Thank you for this language-I’ve been searching for words to describe why the Ukrainian people have so captured our hearts. It is this-they console us all. Their example shows us how to live. They have busted through our cynicism and despair, and the ennui of daily life in late stage capitalism. It’s such a gift to us all, a tragic gift wrapped in immeasurable suffering, but a gift fir certain.

Expand full comment
Mar 14, 2022·edited Mar 14, 2022

This is a rather moving post. That which one is willing to live and die for will always have been an idea. An idea perhaps of community, of co-belonging, of nativeness.. an idea that a certain kind of political entity best represents those singular (for oneself) features of life. Of course it is not only a national idea of community that people are invested in. There are other competing ones that transcend national boundaries or that are suffocated within the same. Some national identities are easier to litigate than others. Mostly for pragmatic reasons. It's hard to argue that there are any simple or uncomplicated national identities but there might be foundational fictions stronger than others or there might be equally evasions of memory more complete than others. In the same vein that which one is willing to live and die for is not necessarily 'the true' (to sound hopelessly and perversely Platonist!). It gives me pause when I consider the ideas that people are willing to live and die for around the world. It isn't a grammar I can easily subscribe to. What one can however always and emphatically agree with is that irrespective of the value or virtue of an idea, irrespective of whether it is the worst idea in the world or not, it should not be imposed on anyone with brutal state force, much less barbaric aggression, much less criminal wars, much less black hole prisons and concentration camps. This seems like a fairly straightforward, easy ethic to respect. If one followed it one would never have to invade a country nor blow oneself up in pursuit of an idea. Things are never so easy of course and even these categories are not so obviously clear in many contexts.

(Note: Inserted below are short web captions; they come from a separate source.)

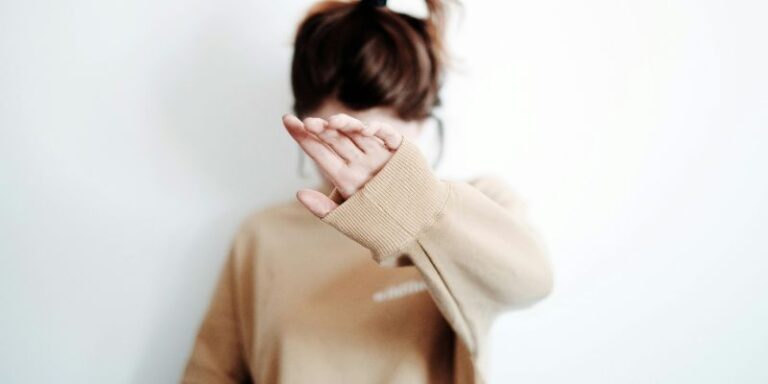 Overthinking - Photo of a Girl Hiding Her Face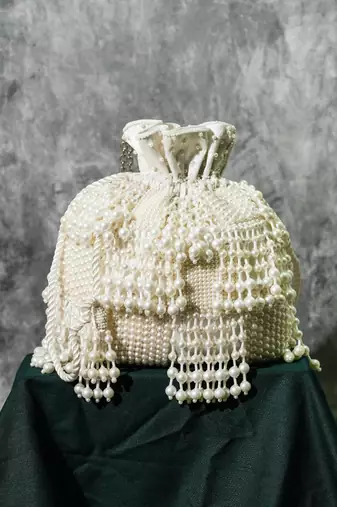 white pearl embroidered silk potli bag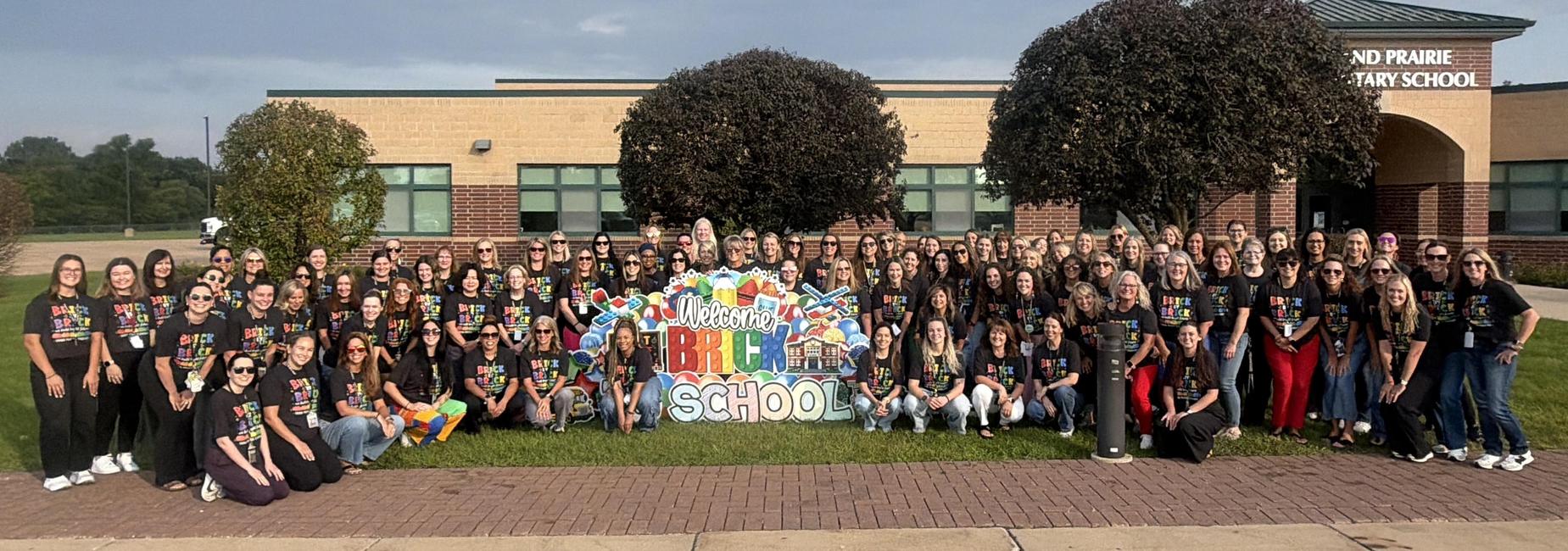 Group of educators posing in front of a school, wearing matching shirts.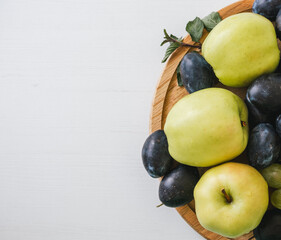 Top view of plums and apples in the wooden plate on white background.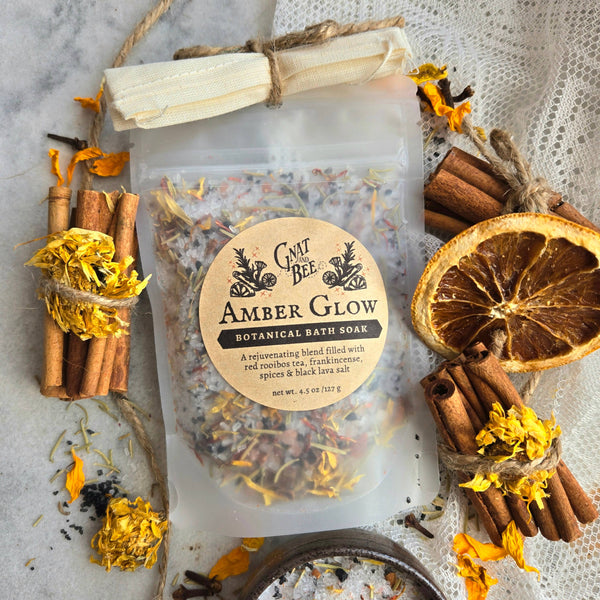 A clear stand-up pouch labeled 'Gnat and Bee Amber Glow Botanical Bath Soak' tied with twine at the top, surrounded by dried orange slices, cinnamon sticks, loose yellow flowers, and a small bowl on a light textured surface.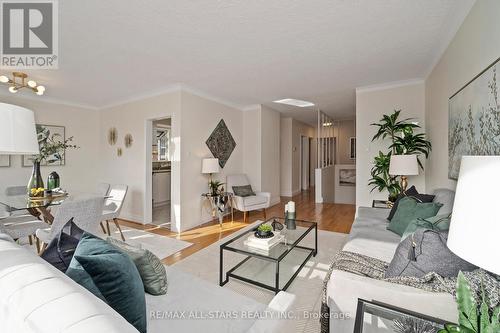 16 Shaddock Crescent, Toronto, ON - Indoor Photo Showing Living Room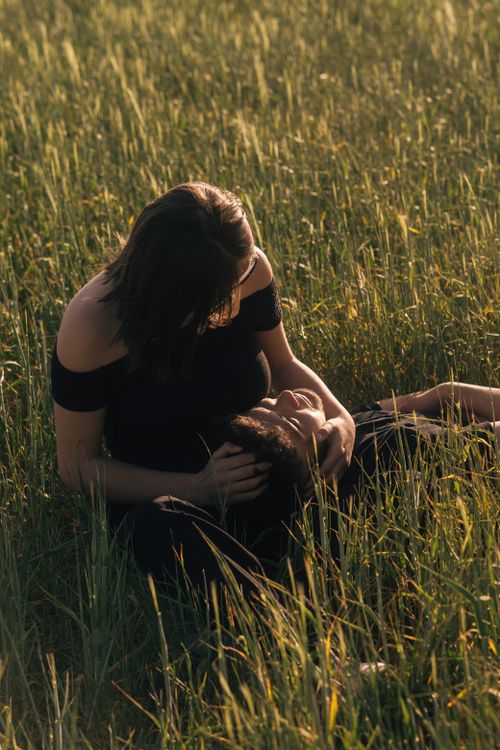 Free A couple enjoying peaceful moments lying together in a grassy field during the day. Stock Photo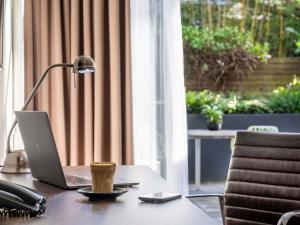 a desk with a laptop and a cup of coffee on it at Mercure Sydney St Leonards in Sydney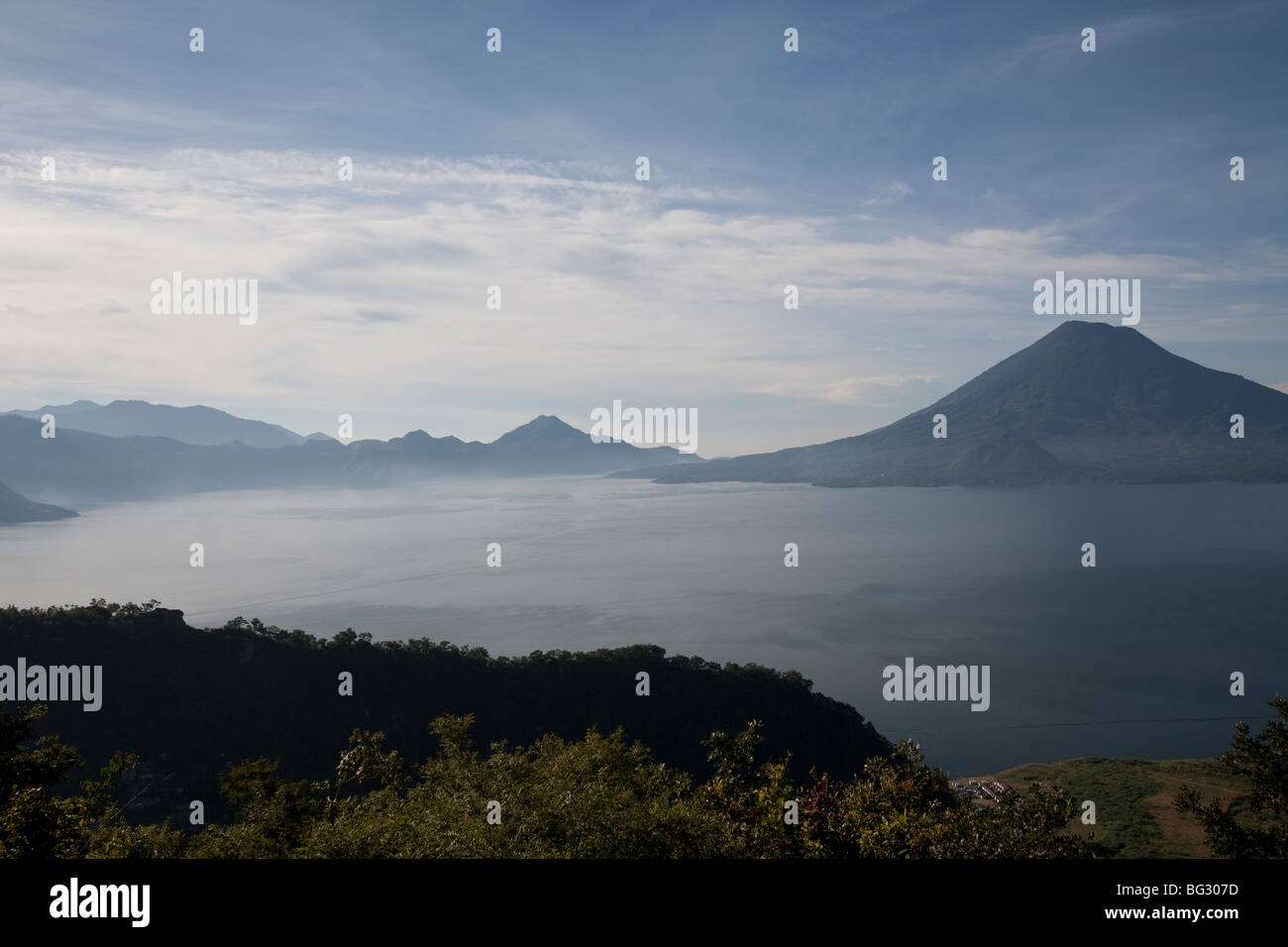 Volcanos San Pedro, Toliman and Atitlan at Lake Atitlan Guatemala. Stock Photo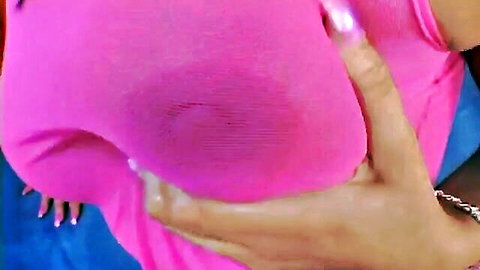 Cindy Lords teasing in tight pink top with cleavage and wet spot
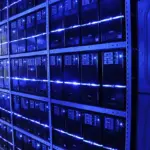 Rows of server racks with blue LED lighting inside a data centre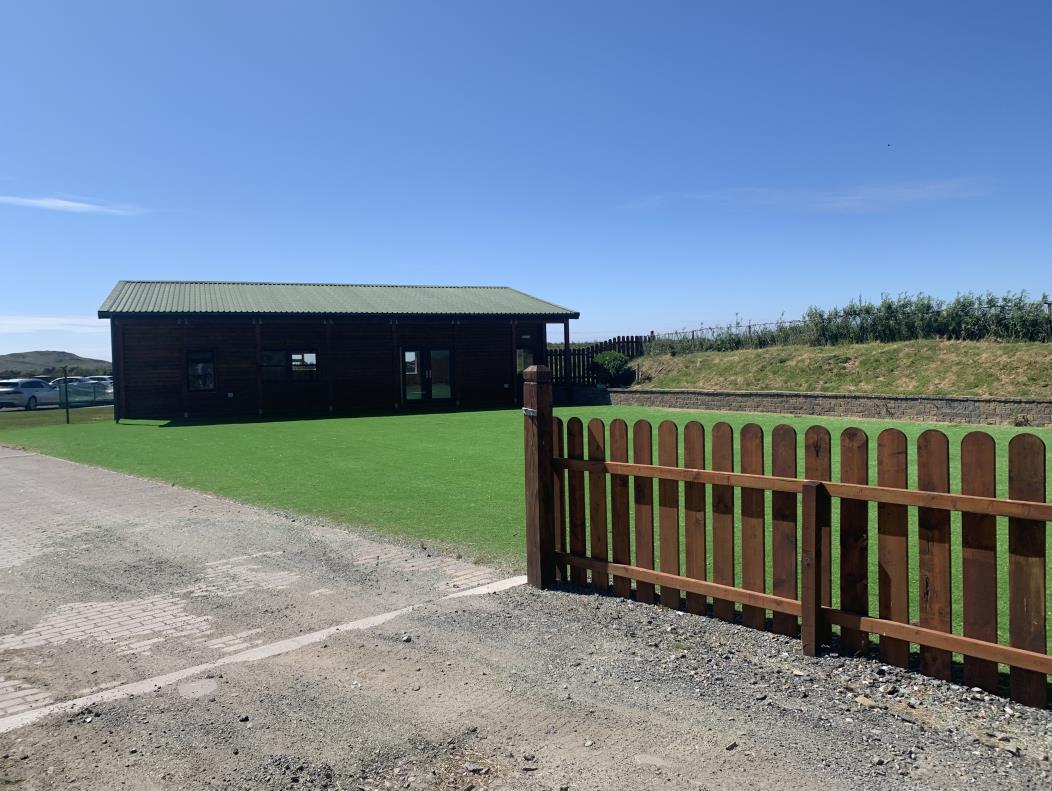 A photograph showing a single-story wooden building with a green roof situated next to a wooden fence and a patch of green lawn.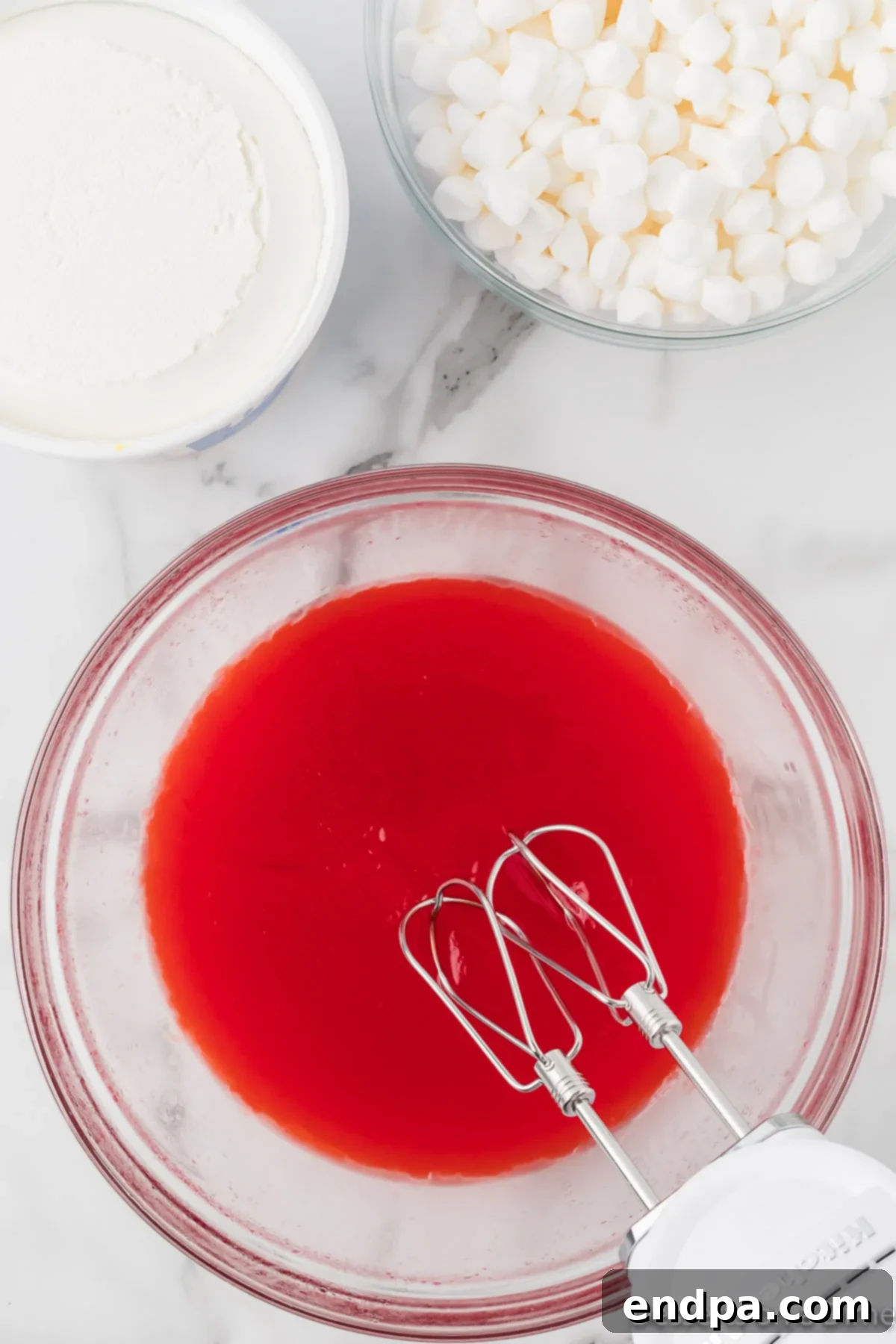 Strawberry Cloud Delight 5 Thickened jello and pudding mixture in a large heat-resistant bowl, being beaten with an electric mixer until creamy and smooth.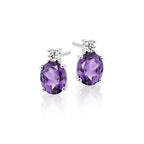 5mm x 7mm Amethyst and 0.07ct diamond stud earrings in 9K white gold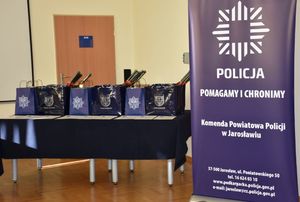 Baner Komendy Powiatowej Policji w Jarosławiu obok którego na stole znajdują się nagrody dla laureatów konkursu plastycznego.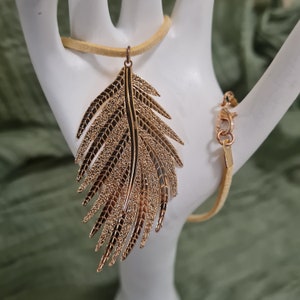 Könnte beinhalten: Eine goldene Feder-Anhänger-Kette mit einem Wildlederband. Die Feder ist mit einem strukturierten Design verziert.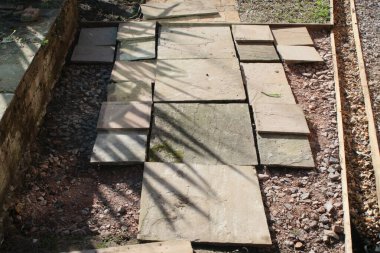 Bahçe inşaatının kapanışı. Kum taşı levhaları sert çimento ve çakıl üzerinde düz çizgiler halinde. İnşaat sırasında bahçe yolunda ahşap kenarlar ve sıcak bahar gününde tuğlalara yansıyan bitkiler.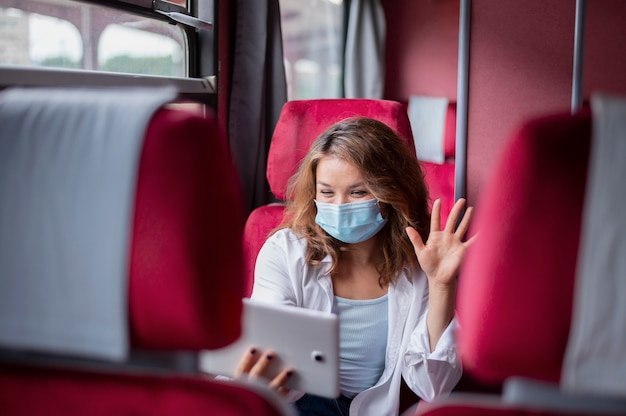 Foto gratuita mujer con máscara médica con tableta para videollamadas mientras viaja en tren público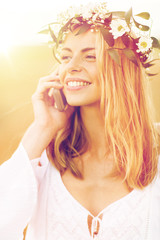 Fototapeta premium happy young woman calling on smartphone at country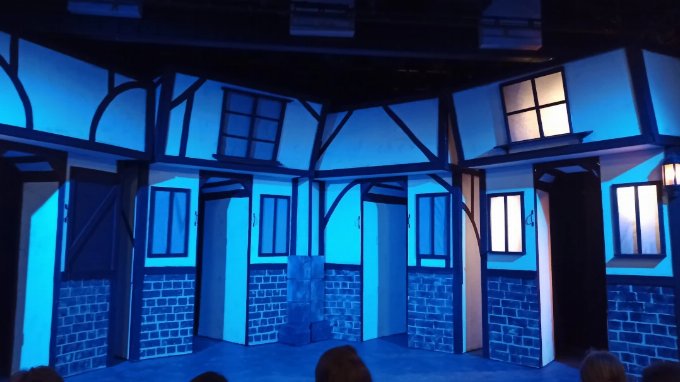 Stage at Night Watch showing an Ankh-Morpork street scene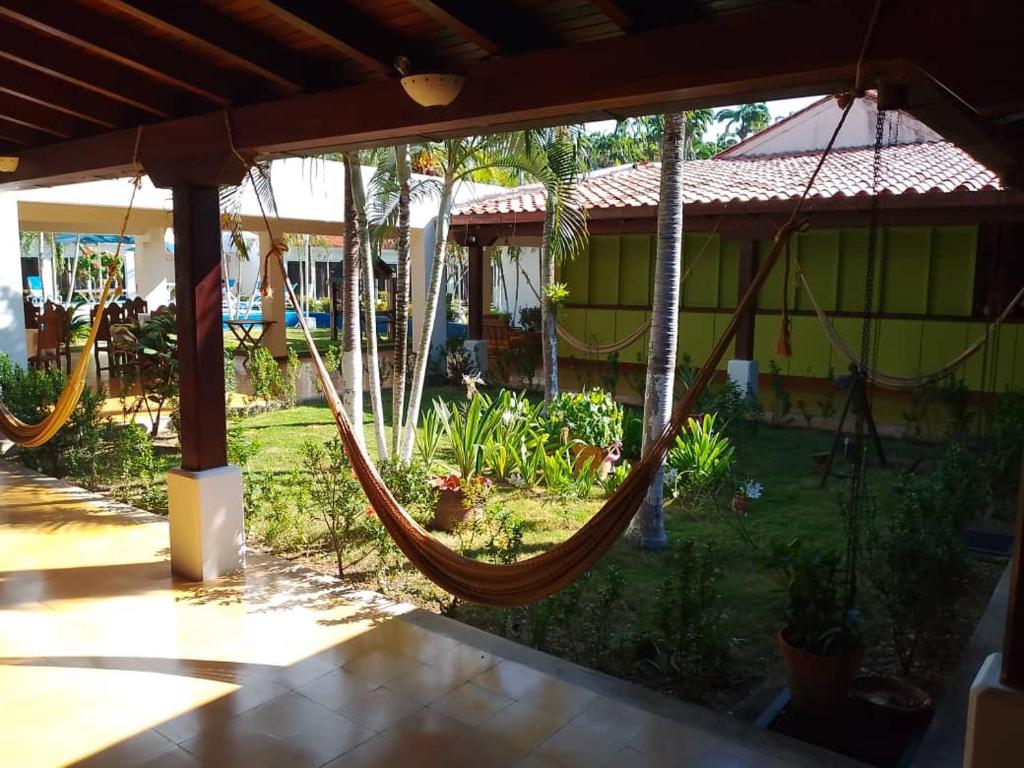 a hammock in a yard with a house at Hotel Saylu by Venetur in Río Caribe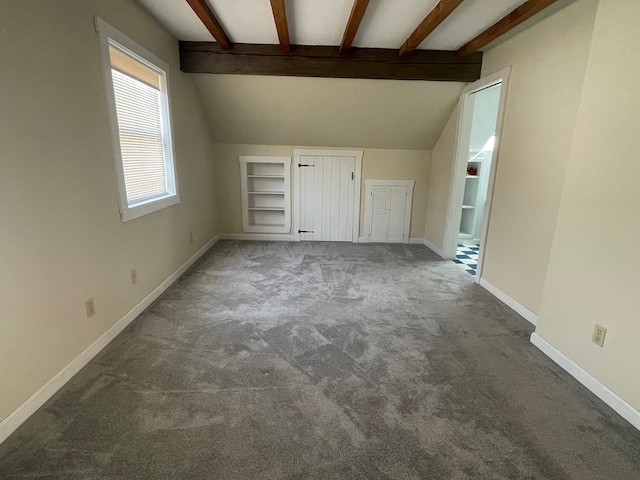 interior space with carpet and lofted ceiling with beams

Killing or dispossession is already hard enough to contemplate but sometimes the destruction of culture memory (history if you will) seems even more unbearable. One destroys even more than human life this way. One destroys the inheritance of ages, the memory co-created and renewed by generations. This has been one of the hardest things to read about in the current war. Much as in other contexts the destruction or plunder of antiquities in Baghdad and Palmyra or the similar destruction of the Bamiyan statues are heart-breaking and infuriating in equal measure. When I was a child I naively believed that such marauding armies and such tales of pillage and such accounts of cultural destruction and desolation were things of the past. The recent twentieth century past quickly rescued me from such crazy illusions later on! And here we are again witnessing the irreparable. We should all be Ukrainians, strive to be universalists on this and such other sites (though we are never all Rwandans! I insist on not forgetting this... We have mostly never been Ukrainians either! As you know better than anyone else).

It seems appropriate to reference here this piece from a few days ago:

https://www.nytimes.com/2022/03/10/books/ukraine-translate-books.html

Expand full comment

Yesterday in my local coffee shop I met a C-5 pilot. I bowed to him and thanked him for his service. As I left the cafe I shuddered in tears, something I rarely do. I am so thankful that some people are so brave.

Expand full comment

Nataliya Gumenyuk writes in her WaPo opinion piece that you linked to, "That’s the nub of the matter. Dictators want reality to fit their imaginations, and when it doesn’t cooperate, their first instinct is to resort to coercion." Longing for an idealized past, when taken to its logical conclusion, leads to mass murder precisely because anyone who doesn't fit into that idealized past must be eliminated.